Another group soon followed, then another. At that point, we were paying as much attention to what was coming from behind us as we were to what towered ahead. It was as if someone had spilled a sack of marbles and they were rolling uphill.

These kids were moving.

It was a profoundly humiliating experience. We had reached the two-mile mark and I had caught my second wind. My hamstrings were burning and my right hip throbbed, but I had stopped panting; I knew I was going to make it.

This was that moment I had hoped for - the moment I felt manly and tough - the moment I was to become a conqueror of mountains!

Then along comes this man and his young son, shooting past me like I'm standing still.

"How old are you?" Craig asked the boy.

"I'm 12," he replied.

Craig told the boy he was brave while I scanned the trail for the last shard of my dignity.

And then came the girls.

Former Saugus state champion and UCLA freshman Shannon Murakami was the first - no shame in that. Then came Katie Dunn and the rest of the Centurions' current state championship team.

Again, no shame there.

Then came the non-starters, then the
JV runners.

"This is embarrassing," I said.

"They must have left early," Craig
announced again.

In truth, Saugus' team did leave early - about an hour ahead of group two. But we were not out of their reach, either.
Group two's leader, Jimmy Kelley of Hart, caught us at the intersection just ahead of the final quarter mile - a supremely steep climb to the summit.
Our little trio touched the fence around the towers at about 9 a.m., two hours, five minutes and 53 seconds after starting. The Beast record, set in 2006 by Stephen Kent, is 35:38.

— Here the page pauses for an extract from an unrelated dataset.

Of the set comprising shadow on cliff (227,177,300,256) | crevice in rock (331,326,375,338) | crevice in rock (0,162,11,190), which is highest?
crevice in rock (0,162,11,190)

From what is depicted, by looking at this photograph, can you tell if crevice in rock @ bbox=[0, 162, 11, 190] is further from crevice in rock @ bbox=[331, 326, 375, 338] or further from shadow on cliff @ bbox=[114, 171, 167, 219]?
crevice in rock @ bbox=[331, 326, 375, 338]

At the top I found a diverse group huddled against the cold. There were runners representing all six Foothill League cross country programs. There were coaches and parents. There were even a few mountain bikers enjoying the view of downtown L.A.

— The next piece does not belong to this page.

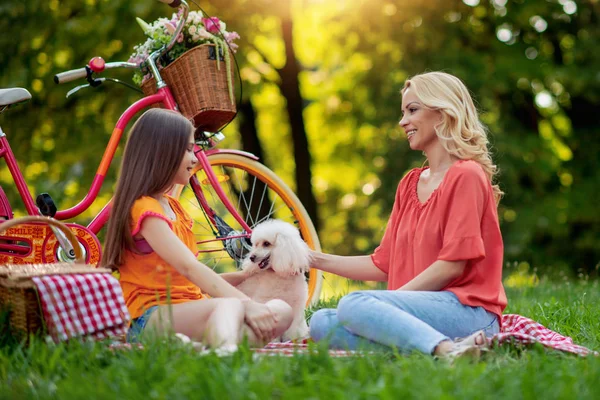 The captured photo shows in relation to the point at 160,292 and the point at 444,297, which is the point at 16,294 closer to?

I asked a group of Valencia moms why they did it.

"Our kids run this all the time, and I wanted to do it once," one said.

They agreed the trip was worth it; they might even do it again.

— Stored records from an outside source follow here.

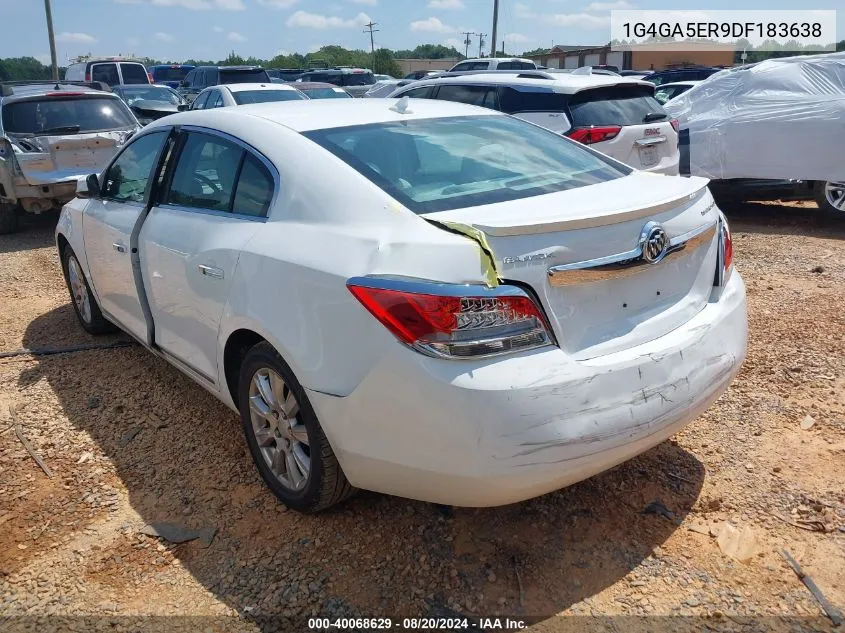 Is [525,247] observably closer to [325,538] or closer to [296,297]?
[296,297]

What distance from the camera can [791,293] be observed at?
5445mm

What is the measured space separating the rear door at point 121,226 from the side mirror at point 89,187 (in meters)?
0.04

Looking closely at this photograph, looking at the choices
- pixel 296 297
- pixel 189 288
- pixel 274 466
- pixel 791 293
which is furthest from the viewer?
pixel 791 293

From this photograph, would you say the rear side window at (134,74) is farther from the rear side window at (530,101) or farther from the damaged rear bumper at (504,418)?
the damaged rear bumper at (504,418)

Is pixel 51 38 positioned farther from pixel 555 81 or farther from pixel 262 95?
pixel 555 81

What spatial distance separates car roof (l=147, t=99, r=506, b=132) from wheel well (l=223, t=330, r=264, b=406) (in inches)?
34.8

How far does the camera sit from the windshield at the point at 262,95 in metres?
12.0

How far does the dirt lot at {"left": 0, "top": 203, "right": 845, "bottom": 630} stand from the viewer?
2.48m

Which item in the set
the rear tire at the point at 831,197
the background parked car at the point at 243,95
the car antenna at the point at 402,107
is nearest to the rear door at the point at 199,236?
the car antenna at the point at 402,107

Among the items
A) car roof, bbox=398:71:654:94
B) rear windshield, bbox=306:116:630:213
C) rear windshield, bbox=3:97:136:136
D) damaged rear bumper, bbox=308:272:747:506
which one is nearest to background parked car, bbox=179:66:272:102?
rear windshield, bbox=3:97:136:136

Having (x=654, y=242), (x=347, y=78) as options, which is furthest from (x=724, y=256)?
(x=347, y=78)

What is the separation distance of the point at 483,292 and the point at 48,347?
3.90 metres

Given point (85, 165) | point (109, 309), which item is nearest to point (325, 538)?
point (109, 309)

"But when it's warmer," they said.

I posed for a few pictures, then edged away from the group to reflect on the climb.

Standing at 3,800 feet, about 2,800 feet above where I began, I found it easy to shrug off my humiliation. The Beast will mete out myriad forms of punishment on the way up. At its peak, though, rests a benevolent soul.

It offers its rewards.

There's a catharsis to be found in picking a painful task and then seeing it through - something strangely therapeutic that each gust of wind and every excruciating incline only amplifies.

At the summit and all the way back down, the unique medicine of the mountain settled into my bones. It still wraps itself around my thoughts.
I'd tell you what it is, but that would be pointless. It must be unique to everyone who climbs.
Slapping again the green sign on my way through the gate, I thought its written message seemed incomplete.
It ought to come with a footnote: The journey is the reward.

From that point of view, The Beast becomes your best friend.